Vancouver-based designer Sara Armstrong talks us through her “baroque vampire” aesthetic and her undying love for Rick Owens
- Who is it? Sara Armstrong is a Vancouver-based designer with a self-confessed “baroque vampire” aesthetic.
- Why do I want it? Sculptural, versatile, inclusive clothes designed without gender in mind.
- Where can I find it? Coming soon to sararmstrong.com.
Who is it? “I think of it as like a baroque vampire, who lived until the frontier and then died but was revived in the 1970s,” says Vancouver-based designer Sara Armstrong of her aesthetic.

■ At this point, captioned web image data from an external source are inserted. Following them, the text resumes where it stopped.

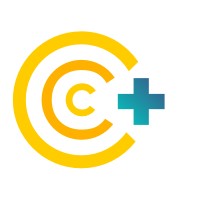 Webformed The Home Of Careforit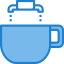 Coffee maker 图标 64x64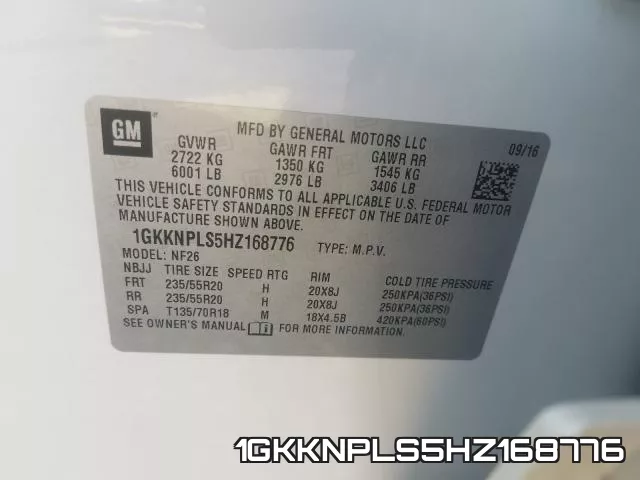 1GKKNPLS5HZ168776_10.webp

Elaborating, she adds, “It has to have menswear qualities, but then it's got to be rock ‘n’ roll, fantastical and opulent.” It’s a style embodied by the designer herself – suits are her favoured attire – but so are biker shirts. On her arms is a smorgasbord of tattoos, one a hand-sewing needle she got inked with when she was at school, another a boot designed by close friend, photographer and former Dazed fashion editor, Tyler Udall.
Armstrong literally has fashion in her sleeves, and lives it daily: designing for her own label, instructing fashion students at Vancouver’s Blanche Macdonald Centre and working as a pattern-cutter and tailor for major studio productions when they come to shoot in the film-friendly city. The Canadian designer’s clothes are sumptuous and romantic while also highly technical and structured – like the Zorro-inspired outfit in midnight blue worn by Olympic fencer and model Miles Chamley-Watson in a recent shoot. Standout garments include form-fitting cut-out knits that hug the body in sinuous, sculptural shapes, a block-printed polka dotted 1970s-style suit, and beautifully cut dresses in Days of Heaven colours, styled to ooze outlaw attitude.

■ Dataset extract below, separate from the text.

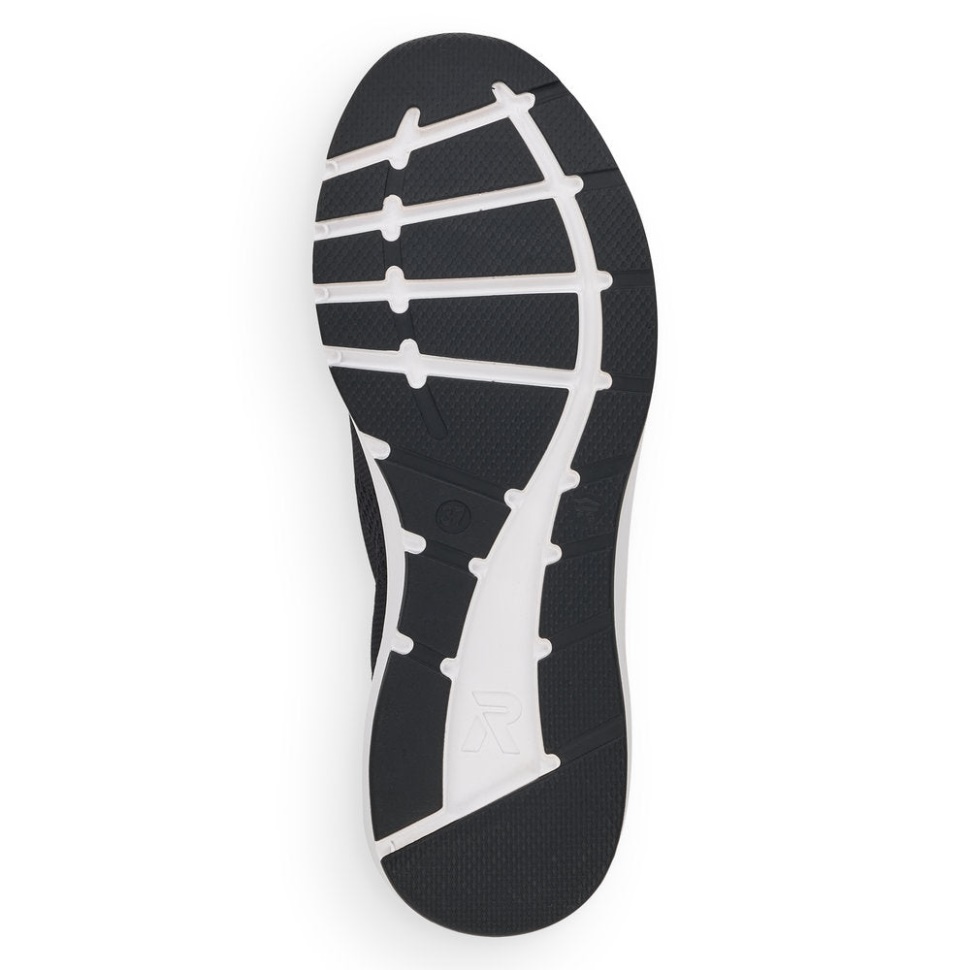 Rieker Weiss 40104 Athina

Originally trained as an artist and sculptor, Armstrong’s work is centred on construction. “I always say if I had a superpower, it would be to see through buildings, because that’s how my brain works,” she says. Questions she will ask herself while designing include, “What can I take away and still have a garment stand?” Or “what can I add to create a new shape?”
Her transition from sculpture to fashion happened organically. “I really wanted to do more public sculpture. And for me, that was fashion, in some ways, because fashion can be public sculpture and it also can be video and sound.” Rick Owens is an important inspiration. “I like the way he thinks of his work and the way he speaks about his work, how he’s created this planet,” she says, citing a video of Owens in his studio that she watches often. “I'm always thinking about it, where he says, ‘I like things a little ascetic’. That’s sort of what I try to do, reel myself in every now and then when the other side of my brain is like, more ruffles!”
Why do I want it? Versatility and inclusivity are important to Armstrong, and she wants her clothes to go beyond the prescribed idea that gender neutral necessarily equals menswear. “I don’t actually believe in menswear or womenswear so much in my own work, as it’s just, like, design. And whoever puts it on is whoever it was made for,” she avers. Her work is sustainable by dint of its design – slow fashion, whether made to measure or easily adjustable to last longer. For her collection The Practice – an ode to the work that scaffolds the creative life – she used cloth from under her cutting table and stripped fabrics of dyes, giving light to the colours beneath. Whimsical elements inflect her work too, like brilliant custom sunglasses with letter ‘A’ frames, made for Armstrong by her boyfriend, metal fabricator Travis McLelland. And the clothes are created for movement, like the pieces worn by contemporary choreographer Kate Franklin in a short film shot on the shores of Tsawwassen Beach, south of Vancouver, for The Practice.
Structured yet fluid on the body and dramatic without being ostentatious – Armstrong’s clothing dances a tightrope of seeming paradoxes, and makes it work.